The music. The playlist, currently experienced passively, could be made more deliberate: a beautifully produced booklet with Huppert’s own notes on each song — why Brel, why Nina Simone, why Mozart at that particular pitch of fury — would transform background listening into something closer to a private conversation.

The table. This is perhaps the most unexplored territory. What does Isabelle Huppert actually eat? The suite could offer a signature breakfast — not a generic luxury spread, but something specific: the tartine she orders, the tea she drinks, the single thing she cannot start a morning without. A small card explaining the choice, in her own words, would cost almost nothing and mean everything. Further, a curated restaurant list — not the obvious Michelin recommendations but her actual Paris: the bistrot she returns to after a long shoot, the wine she drinks when celebrating, the neighbourhood she eats in when she doesn’t want to be seen — would be worth more to a certain kind of guest than any concierge directory.

The journey. And then there is the question of where she goes. A travel insert — Huppert’s own short-list of the places that have mattered to her, the cities that appear in her dreams, the hotels that have felt like home — would complete the portrait. Not a sponsored list, but something genuinely confessional: Vienna for the opera, Tokyo for the silence, a particular village in the south of France for reasons she’d rather keep private. Destinations chosen not for their prestige but for what they do to her, the way the books were chosen not for their covers but for their voices.
The suite is already a self-portrait. These additions would make it a memoir.

The Point

The Mandarin Oriental Lutetia’s signature suites rest on a serious idea: that luxury, at its most meaningful, is not about surface but about depth — about contact with a genuine sensibility, a real set of values, an actual human intelligence. In that context, the Haute Couture Suite by Isabelle Huppert is among the most successful things the hotel has done.
It is, in the end, a room that has been thought about. In a world of interchangeable opulence, that is rarer than any thread count.

And the Woman Herself?
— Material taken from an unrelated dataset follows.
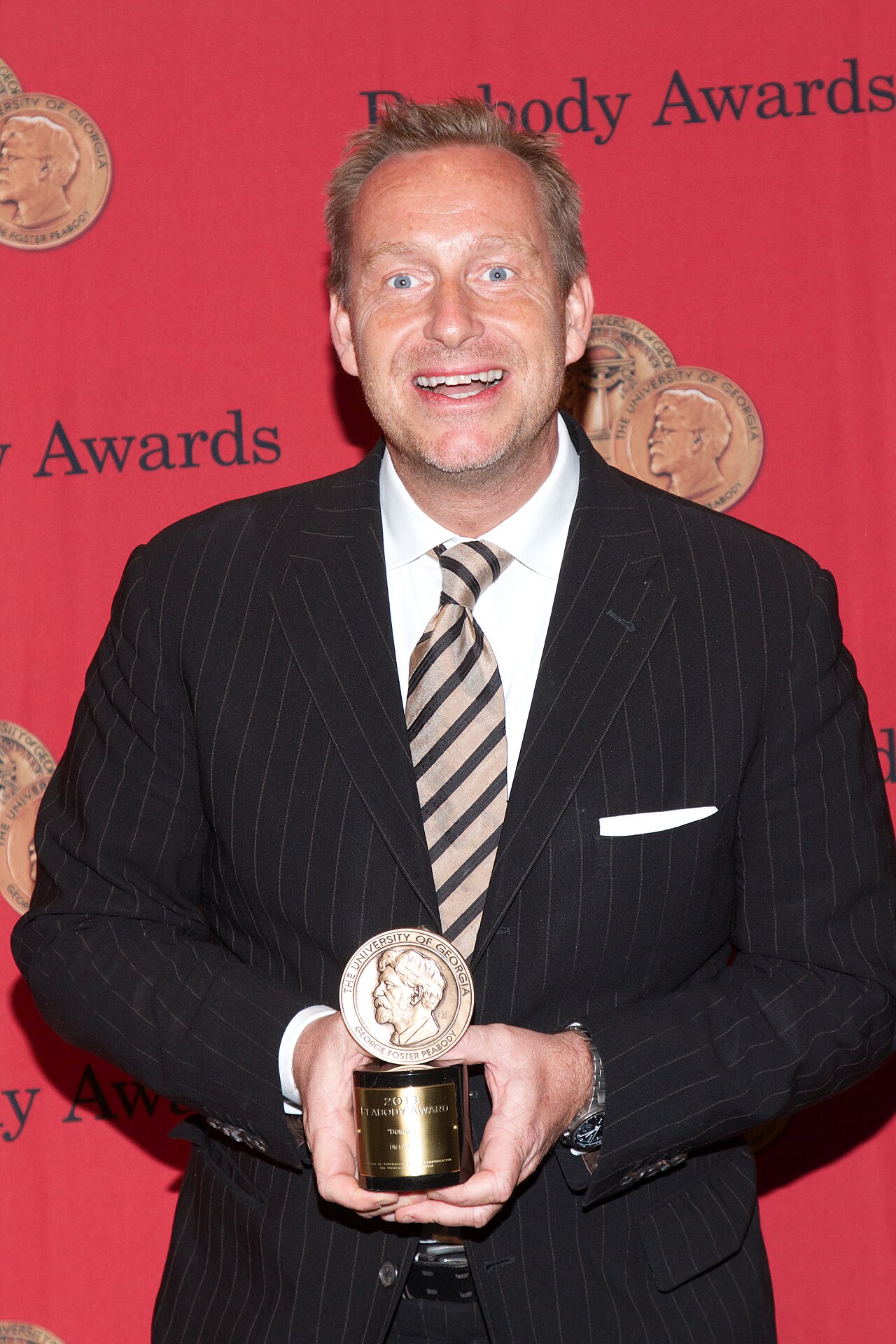 Adam Price with a Peabody Award for the television show "Borgen" (2014)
Very Much at Work

It would be tempting, in the context of a suite this contemplative, to imagine Isabelle Huppert in a period of quiet reflection — settled, like Ermenegildo Zegna in his Saga del Piemonte chair, watching the day close. She is not.

At 73, she is operating at a pace that would exhaust actresses half her age.

Her film La Femme la plus riche du monde — in which she plays a character loosely inspired by Liliane Bettencourt, the L’Oréal heiress at the center of one of France’s most scandalous politico-financial affairs — premiered at Cannes 2025 and earned her yet another César nomination for Best Actress. Opposite Laurent Lafitte, she is characteristically formidable: power and fragility braided together in a performance that reminds you why no one else on earth quite does what she does.

That is not all. She has already shot Luz, a Franco-Chinese virtual reality drama directed by Flora Lau that premiered at Sundance, in which she plays a Hong Kong gallerist navigating grief across two continents. She has signed on for All About Corinne, a witty behind-the-scenes comedy directed by Marc Fitoussi — the man who helmed her episodes of Call My Agent — in which she plays a background actress convinced her breakthrough is imminent, alongside Sandrine Kiberlain and Diane Kruger. And waiting further down the line is The Blood Countess, directed by Ulrike Ottinger and co-written with Nobel Prize laureate Elfriede Jelinek, in which Huppert plays the legendary 16th-century Hungarian noblewoman Elizabeth Báthory — vampire, serial killer, and arguably her most gothic role to date.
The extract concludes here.